Auf jeder Party gibt es dann auch immer diese Gute-Laune-Terroristen, die partout eine Polonäse vom Zaun brechen müssen und alle müssen mitmachen, weil das so viel Spaß macht und Ach so lustig ist. Ich mach dann natürlich auch mit, ich bin ja keine Spaßbremse, aber man glaube nicht, dass ich mich dabei nicht in Grund und Boden schäme und das Ende dieser Zwangsbespaßungsmaßnahme herbeisehne.

Im Prinzip bin ich durchaus ein sonniges Gemüt, optimistisch, fröhlich und mit Dauergrinsefresse ausgestattet. Aber wenn irgendwer mir vorschreiben will, was ich lustig und amüsant zu finden habe, finde ich das schon aus Protest doof. Zum Beispiel, wenn jemand auf einer Party eine Essensschlacht veranstaltet und plötzlich alle anfangen, sich Schokoküsse ins Gesicht zu klatschen und das ungemein komisch finden, dann denke ich nur: Die schönen Schokoküsse. Die isst doch jetzt keiner mehr. Und überhaupt gibt das garantiert Pickel, wenn man die klebrige Subsche nicht sofort abspült. Außerdem trage ich eine Brille und wenn die mit süßer Matsche vollgepampt ist, sehe ich nichts mehr und das nervt. Oder Kissenschlachten. Ich hasse Kissenschlachten. Habe ich schon immer gehasst. Hahaha, wie lustig, wir polieren uns jetzt mal mit Kissen die Fresse, Juhu. Das tut weh, verdammt!

Im Fernsehen gibt es ja nicht nur zu Karneval televisionären Gute-Laune-Terrorismus. Aber zum Glück kann man den dämlichen Gameshows üblicherweise gut aus dem Weg gehen. „Wetten dass..?“ ignoriere ich beispielsweise schon seit über zehn Jahren erfolgreich. Aber vor ein paar Monaten bekam ich dann doch mit, dass Tom Hanks gezwungen wurde, eine Katzenmütze aufzusetzen während Tausendsassa Markus Lanz Sackhüpfen um ihn herum vollführte. Mr. Hanks war not amused und ich glaube, in den USA haben wir damit die Klischees vom nichtvorhandenen Sinn für Humor in Deutschland nicht eben widerlegt. Das ist nämlich ein krasses Missverständnis, dass Sinn für Humor immer laut, schrill und plump zu sein habe. Nee, der kann auch mal heimlich, still und leise auf Samtpfötchen im Hintergrund umherschleichen.
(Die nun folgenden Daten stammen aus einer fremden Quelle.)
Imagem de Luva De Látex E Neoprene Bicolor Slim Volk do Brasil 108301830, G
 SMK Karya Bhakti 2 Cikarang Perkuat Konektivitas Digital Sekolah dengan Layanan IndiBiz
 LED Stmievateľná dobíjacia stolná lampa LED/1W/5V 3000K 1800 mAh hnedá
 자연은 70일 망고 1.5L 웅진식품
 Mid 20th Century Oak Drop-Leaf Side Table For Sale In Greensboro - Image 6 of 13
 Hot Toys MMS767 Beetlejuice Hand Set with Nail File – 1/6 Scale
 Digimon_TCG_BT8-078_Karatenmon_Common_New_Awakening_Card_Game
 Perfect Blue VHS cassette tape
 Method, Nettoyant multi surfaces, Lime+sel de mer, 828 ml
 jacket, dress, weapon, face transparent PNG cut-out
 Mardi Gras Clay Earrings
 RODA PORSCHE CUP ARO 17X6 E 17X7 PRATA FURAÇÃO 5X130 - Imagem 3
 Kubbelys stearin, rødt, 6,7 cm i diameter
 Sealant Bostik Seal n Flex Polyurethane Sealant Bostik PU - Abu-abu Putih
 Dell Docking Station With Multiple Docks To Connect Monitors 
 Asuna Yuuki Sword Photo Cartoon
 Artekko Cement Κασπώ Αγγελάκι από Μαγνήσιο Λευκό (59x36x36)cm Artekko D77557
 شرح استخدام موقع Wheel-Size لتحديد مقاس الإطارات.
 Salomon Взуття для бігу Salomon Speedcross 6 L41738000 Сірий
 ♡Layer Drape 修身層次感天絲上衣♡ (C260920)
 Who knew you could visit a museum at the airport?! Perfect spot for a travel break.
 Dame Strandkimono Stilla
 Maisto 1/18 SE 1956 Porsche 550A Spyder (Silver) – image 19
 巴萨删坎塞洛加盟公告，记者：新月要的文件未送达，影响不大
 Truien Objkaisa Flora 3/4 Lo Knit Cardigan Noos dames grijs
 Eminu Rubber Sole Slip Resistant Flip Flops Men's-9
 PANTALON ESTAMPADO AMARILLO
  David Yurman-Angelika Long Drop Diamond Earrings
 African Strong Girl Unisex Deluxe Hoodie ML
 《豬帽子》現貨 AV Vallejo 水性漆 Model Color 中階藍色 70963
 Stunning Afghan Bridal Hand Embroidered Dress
Gute-Laune-Terroristen und Zwangsbespaßer sind jedoch diesem Irrtum aufgesessen, dass sie nur dann als lustig, humorvoll und infolgedessen als sympathisch herüberkommen, wenn sie möglichst laut, plump, schrill und unsensibel andere Leute zu ihrem vermeintlichen Glück zwingen. Dass manche Leute sich fantastisch amüsieren, wenn sie sich einfach in Ruhe, aber angeregt mit jemandem unterhalten, dass es für einige durchaus ein erfülltes Wochenende darstellen kann, wenn sie in Ruhe auf dem Sofa ihren Krimi weiterlesen können oder dass manche Leute das prima aushalten und es sogar genießen, nicht ständig von vielen lauten, penetranten, plumpen, unsensiblen Trampeltieren umgeben zu sein, kommt den Gute-Laune-Terroristen nicht in den Sinn.

Mir ist bewusst, dass sie ihre Zwangsbespaßungsmaßnahmen nicht böse meinen und ganz ehrlich und aufrichtig fest daran glauben, dass alle ihre Definition von Spaß und Unterhaltung teilen. Dass sie wirklich wollen, dass alle sich amüsieren und sich wohlfühlen und dass sie es wirklich nicht merken, wie sehr sie Anderstickenden damit auf den Wecker fallen. Aber ich würde mir manchmal doch etwas mehr Verständnis wünschen. Nur, weil ich es gern ruhiger angehen lasse, heißt das nicht, dass ich ein armes Würstchen bin, das ständig aus der Reserve gelockt werden muss. Ich komme da schon von alleine rausgekrochen, wenn man mich in Ruhe lässt und ich soweit bin. So. Das wollte ich einfach mal gesagt haben.